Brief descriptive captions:
-- Opening Marker --

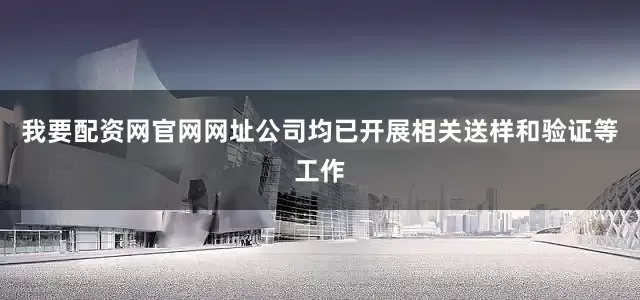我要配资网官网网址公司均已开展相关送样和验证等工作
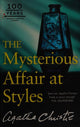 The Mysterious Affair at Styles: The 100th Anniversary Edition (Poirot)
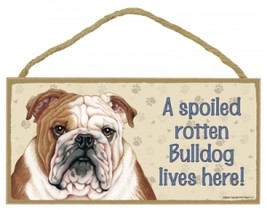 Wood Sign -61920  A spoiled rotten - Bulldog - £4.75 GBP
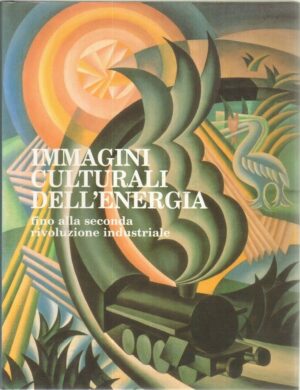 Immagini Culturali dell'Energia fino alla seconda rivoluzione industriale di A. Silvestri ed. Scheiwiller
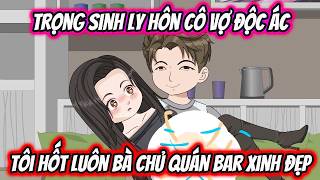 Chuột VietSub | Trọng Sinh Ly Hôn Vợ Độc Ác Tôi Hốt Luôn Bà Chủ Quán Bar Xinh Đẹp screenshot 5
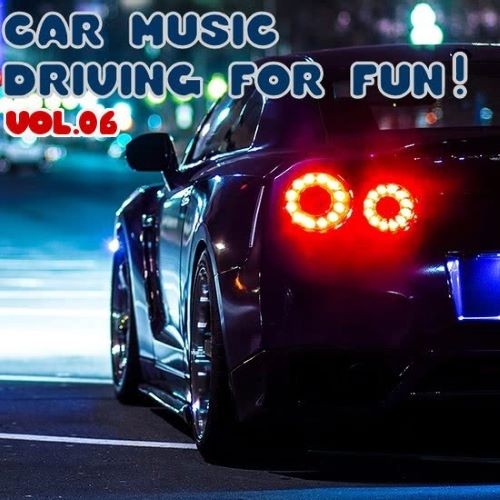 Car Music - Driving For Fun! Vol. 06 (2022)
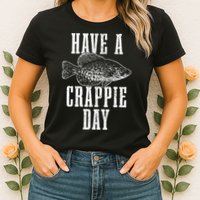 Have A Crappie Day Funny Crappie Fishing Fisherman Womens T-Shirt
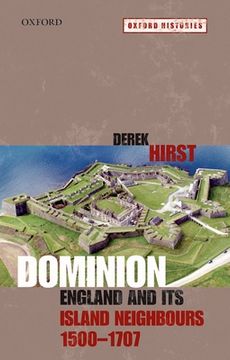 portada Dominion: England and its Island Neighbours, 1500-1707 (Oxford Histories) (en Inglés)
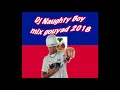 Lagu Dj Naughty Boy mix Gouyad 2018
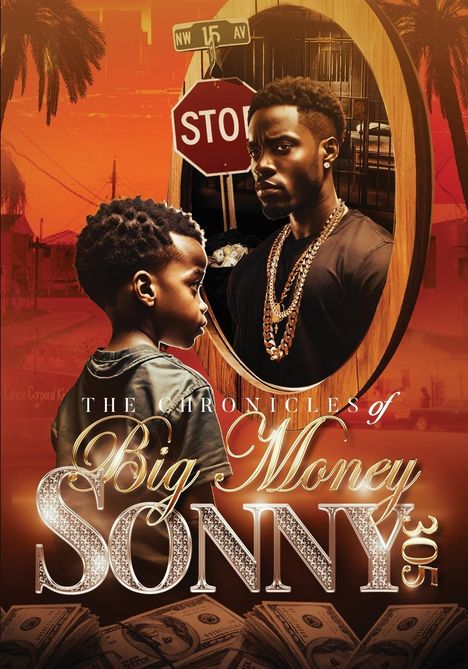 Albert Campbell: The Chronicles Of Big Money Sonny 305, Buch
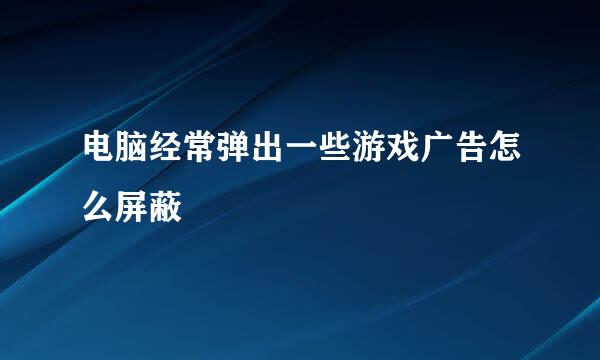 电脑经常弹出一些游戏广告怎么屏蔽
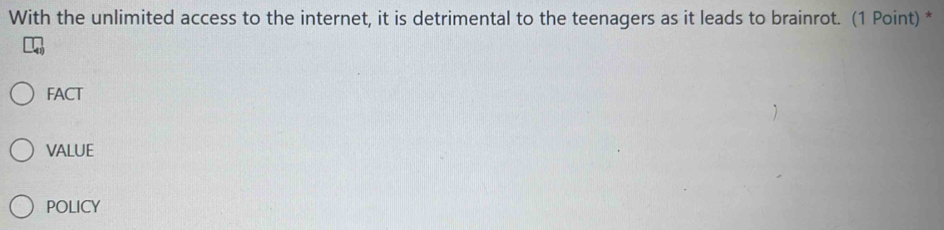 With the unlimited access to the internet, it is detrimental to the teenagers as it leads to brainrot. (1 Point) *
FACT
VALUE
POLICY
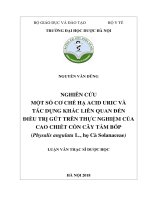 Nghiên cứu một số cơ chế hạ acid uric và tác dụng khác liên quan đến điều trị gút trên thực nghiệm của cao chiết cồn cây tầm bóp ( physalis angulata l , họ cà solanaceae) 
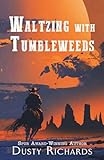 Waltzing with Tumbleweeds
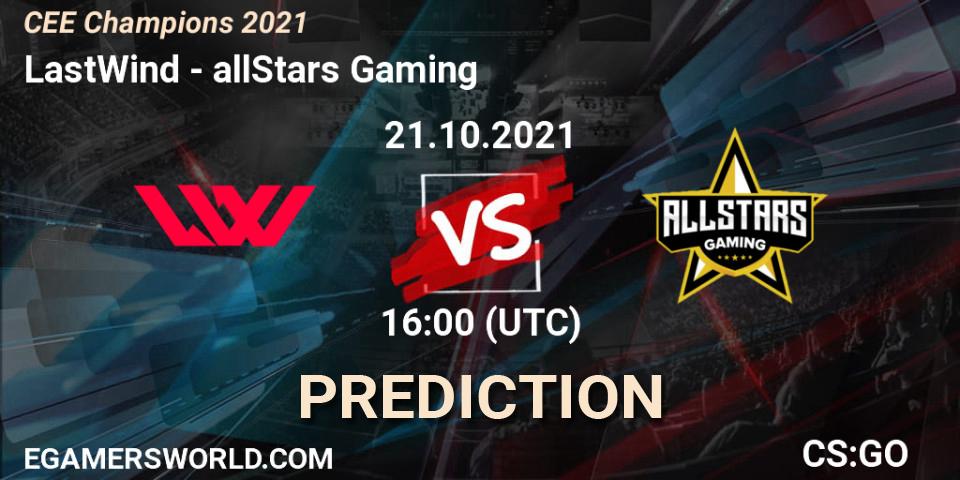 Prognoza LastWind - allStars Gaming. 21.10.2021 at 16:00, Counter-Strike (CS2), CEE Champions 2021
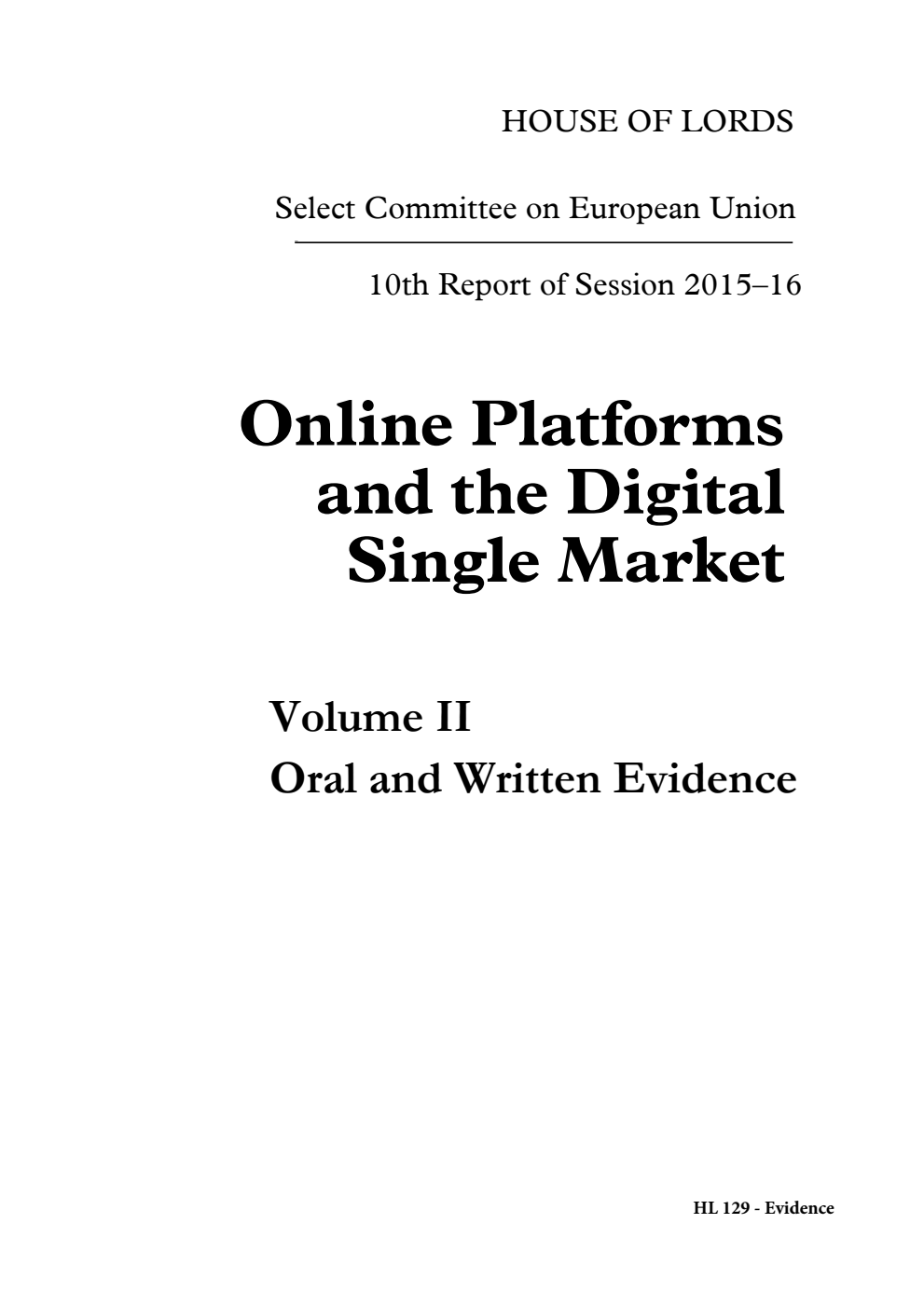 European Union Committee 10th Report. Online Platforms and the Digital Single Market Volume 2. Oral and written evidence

-- Closing Marker --

**Your instructions**
Starting with the line that contains "Albert Campbell: The", repeat each line exactly through the last line of the data above, and nothing more; the pictures stay out.

**Exercise result**
 Albert Campbell: The Chronicles Of Big Money Sonny 305, Buch
 电脑经常弹出一些游戏广告怎么屏蔽
 With the unlimited access to the internet, it is detrimental to the teenagers as it leads to brainrot. (1 Point) *
FACT
VALUE
POLICY
 Nghiên cứu một số cơ chế hạ acid uric và tác dụng khác liên quan đến điều trị gút trên thực nghiệm của cao chiết cồn cây tầm bóp ( physalis angulata l , họ cà solanaceae) 
 Waltzing with Tumbleweeds
 Prognoza LastWind - allStars Gaming. 21.10.2021 at 16:00, Counter-Strike (CS2), CEE Champions 2021
 European Union Committee 10th Report. Online Platforms and the Digital Single Market Volume 2. Oral and written evidence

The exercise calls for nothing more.